Recently, I listened to a 23-minute podcast entitled: “Mr. Chen Goes to Wuhan.”
An excerpt from the podcast reads: “Her message is short. Chen has gone missing.”
Podcasting and storytelling
I am impressed with how the “Mr. Chen Goes to Wuhan” is structured.
The research, narration, music, and editing all working together smoothly create a package of storytelling that is highly effective.
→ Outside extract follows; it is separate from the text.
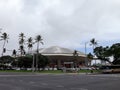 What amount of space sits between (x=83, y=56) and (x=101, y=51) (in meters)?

What I have found to be a useful resource regarding podcasting is entitled:
Of related interest is Longreads article (accessed March 7, 2020) entitled; “8 Longreads by Will Store on the Science of Storytelling.”
Story of Wuhan
The podcast brings the story of Wuhan alive for me in a way that a news report generally in not as capable of doing. By that I mean bringing it alive on a human level – at a level where I can get a glimpse, get a sense, of the experiences of individual citizens.
I wrote down some quotes from the podcast as I was listening:
“There’s a suffocating claustrophobia.”
“If measures had been taken earlier, my father would not have died.”
“… the sheer volume of dysfunction”
“The Ministry of Justice is after him.”
“I am scared.”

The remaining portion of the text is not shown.